Task: Transcribe everything in the listing as written, and let no image into the copy.

Raw data:

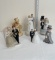Wedding Collectibles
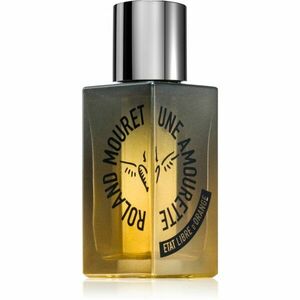 Etat Libre d’Orange Une Amourette Roland Mouret parfémovaná voda unisex 50 ml obraz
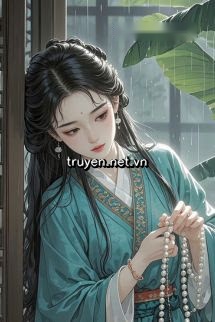 Diệt Đích - Thanh Mộng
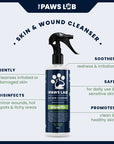 N’2 Skin Cleanser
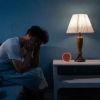 Understanding Different Sleep Disorders and Their Heart Connections
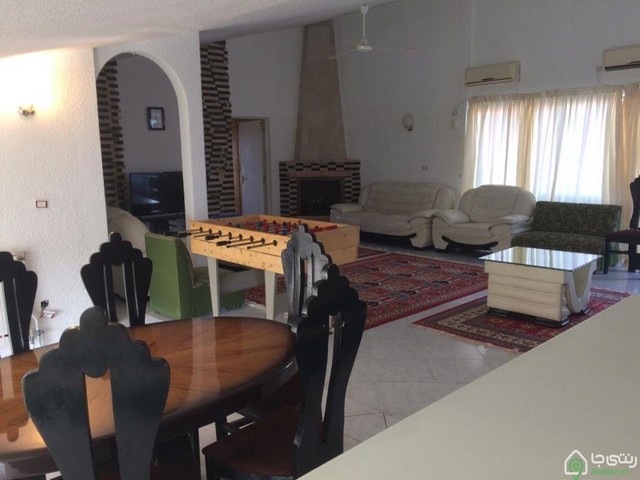 اجاره ویلای شهرکی و سه خوابه در دریاکنار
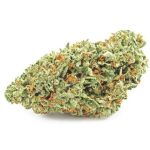 Шишки OG Kush  (Гидропоника, бошки) VHQ в Острове
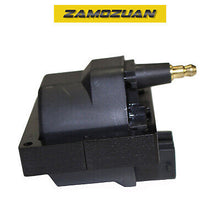 Load image into Gallery viewer, Ignition Coil 1994-1995 for GMC Jimmy / Chevrolet Blazer 4.3L, DR43 7805-1205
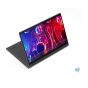 Lenovo IdeaPad Flex 5i 14IIL05 Intel Core i5-1035G1/8GB/512GB M2 NVME SSD/14 INCH FHD IPS TOUCH/PEN/(81X10058HH)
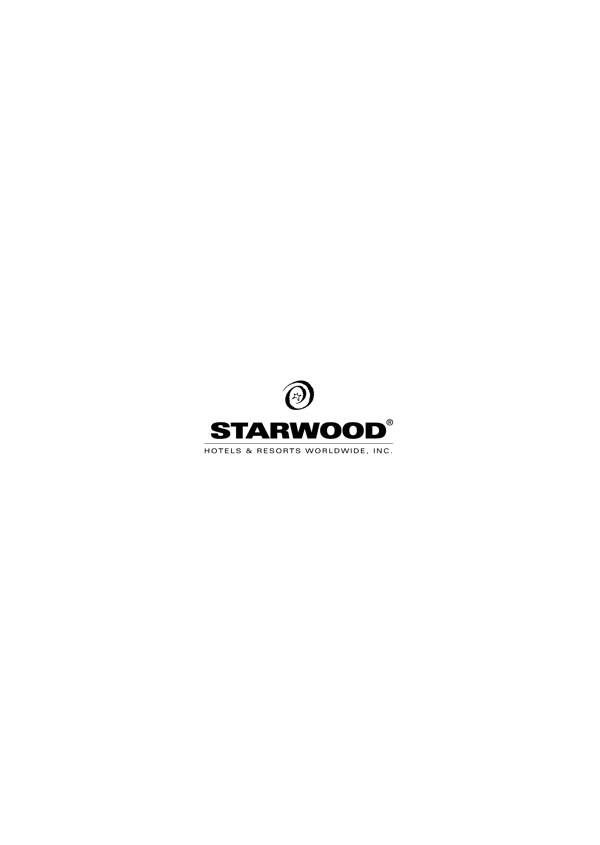 StarwoodHotels1logo設(shè)計(jì)欣賞StarwoodHotels1大飯店標(biāo)志下載標(biāo)志設(shè)計(jì)欣賞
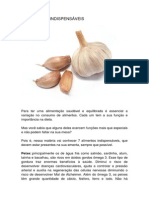 Alimentos indispensaveis.docx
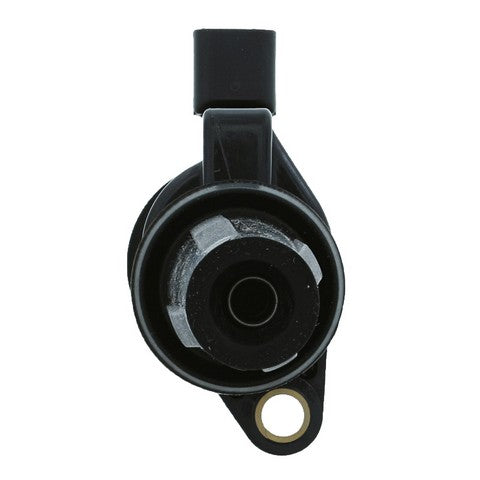 Ignition Coil MotoRad 1IC171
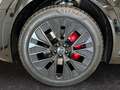 Audi Q8 e-tron 55 Competition Zwart - thumbnail 9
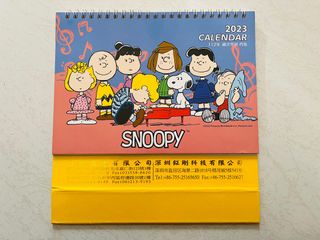 由 rclvs (刊登 ID 1201927098，圖片 1) 提交，位於 的 (類別：)，說明：。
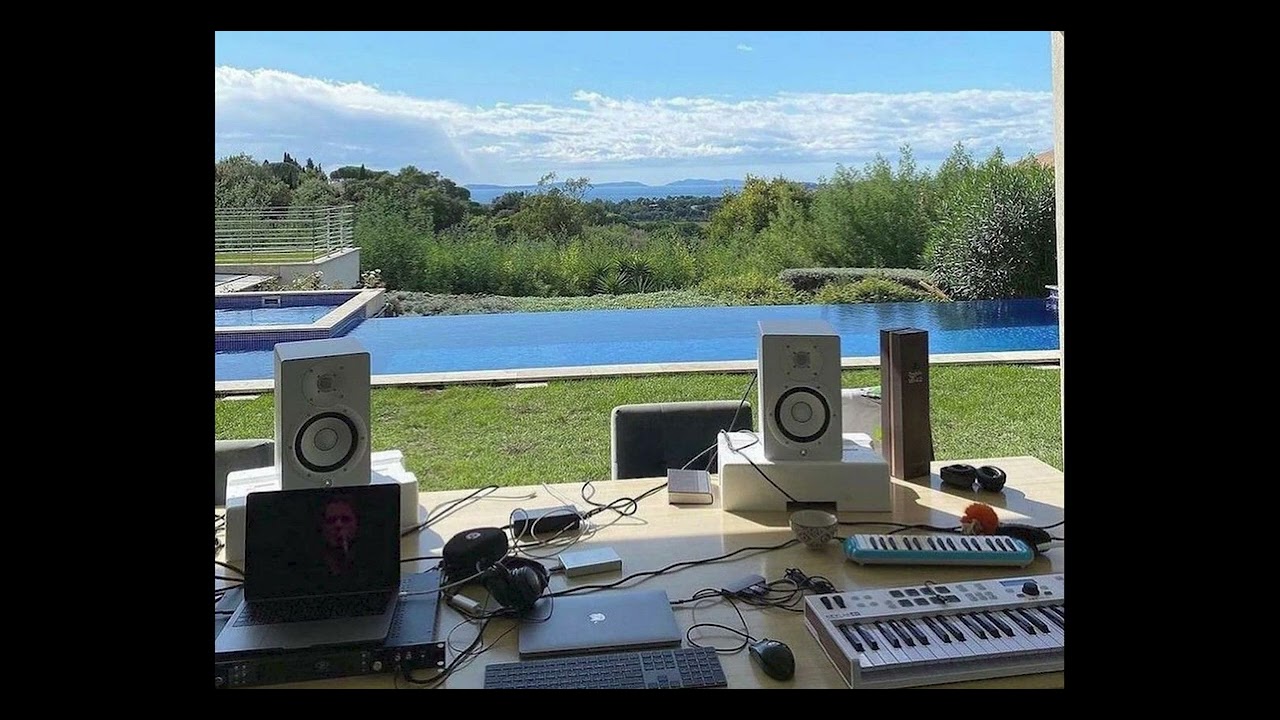 [FREE] Travis Scott X YEAT 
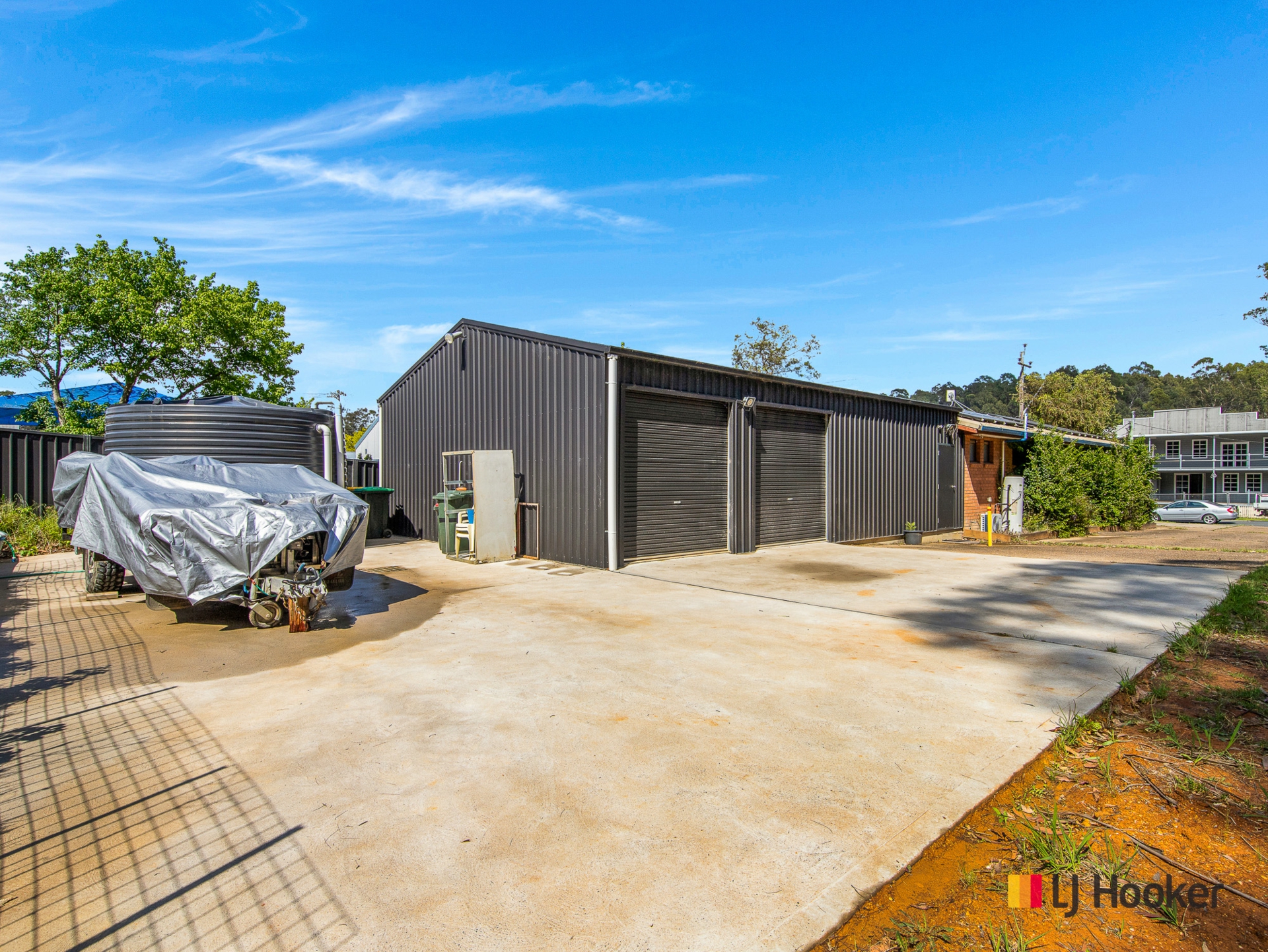 28 Sydney STREET — photo 11 of 30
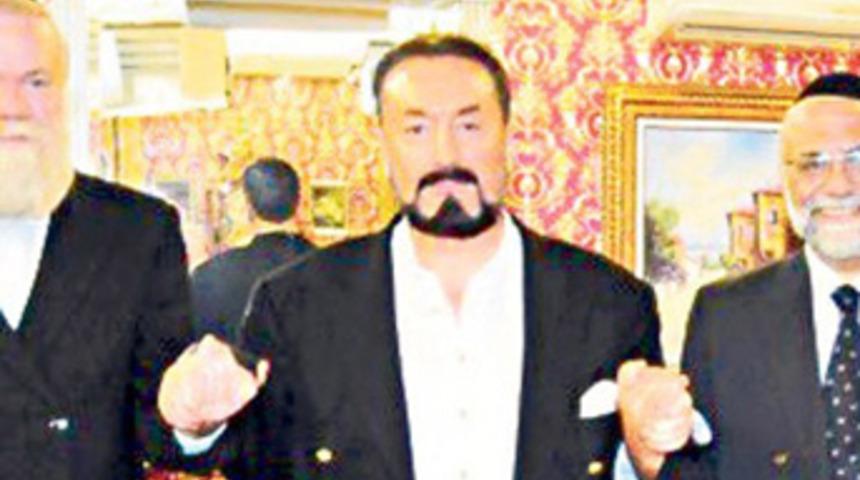 İsrail'den gizli T&uuml;rkiye ziyareti!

Response below:
Wedding Collectibles
 Etat Libre d’Orange Une Amourette Roland Mouret parfémovaná voda unisex 50 ml obraz
 Diệt Đích - Thanh Mộng
 N’2 Skin Cleanser
 Understanding Different Sleep Disorders and Their Heart Connections
 اجاره ویلای شهرکی و سه خوابه در دریاکنار
 Шишки OG Kush  (Гидропоника, бошки) VHQ в Острове
 Load image into Gallery viewer, Ignition Coil 1994-1995 for GMC Jimmy / Chevrolet Blazer 4.3L, DR43 7805-1205
 Lenovo IdeaPad Flex 5i 14IIL05 Intel Core i5-1035G1/8GB/512GB M2 NVME SSD/14 INCH FHD IPS TOUCH/PEN/(81X10058HH)
 StarwoodHotels1logo設(shè)計(jì)欣賞StarwoodHotels1大飯店標(biāo)志下載標(biāo)志設(shè)計(jì)欣賞
 Alimentos indispensaveis.docx
 Ignition Coil MotoRad 1IC171
 Audi Q8 e-tron 55 Competition Zwart - thumbnail 9
 由 rclvs (刊登 ID 1201927098，圖片 1) 提交，位於 的 (類別：)，說明：。
 [FREE] Travis Scott X YEAT 
 28 Sydney STREET — photo 11 of 30
 İsrail'den gizli T&uuml;rkiye ziyareti!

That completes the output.